Remember that $_ still contains a trailing newline character. This too would have been translated to an “X” if we hadn't seeded the hash table like this:
my(%digit) = ("\n" => "");
This also shows why in this case we really needed the “defined or” operator, new in Perl 5.10, and couldn't use the standard “logical or” operator instead: $digit{"\n"} is the empty string, which is still false in Boolean context, so it would still be replaced with an “X”.
For some reason (maybe I'm just weird) I really like this line:
last if $number eq join("", map(($digit{$_} // "X"), split(//, uc)));
It shows 2 occurrences of // with completely different meanings, depending on the context in which they appear. Just imagine what the Perl parser internals must look like ….

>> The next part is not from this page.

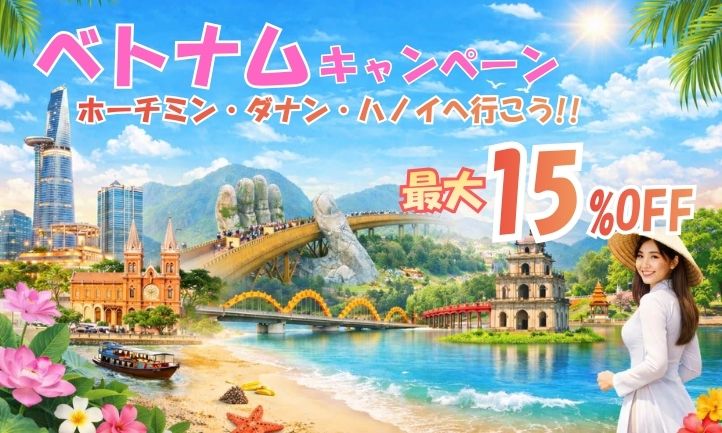 ゴールデンウィーク参加者限定!!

I also wanted to test if there is any noticeable performance difference between these 2 solutions, but I see that the action in the figure skating competition in event 2 is heating up. I'll head over there now, but if you have a little extra time, why don't you try to compare the execution speeds using the Benchmark module and let me know what you find at jand@activestate.com.
PS: The potential problem I alluded to earlier in the first solution is that it isn't invalidating any digits already found in the input data. It will treat “AA” and “A2” exactly the same, potentially returning a word containing digits as the result. The second solution doesn't have this problem because all digits will be mapped to “X”.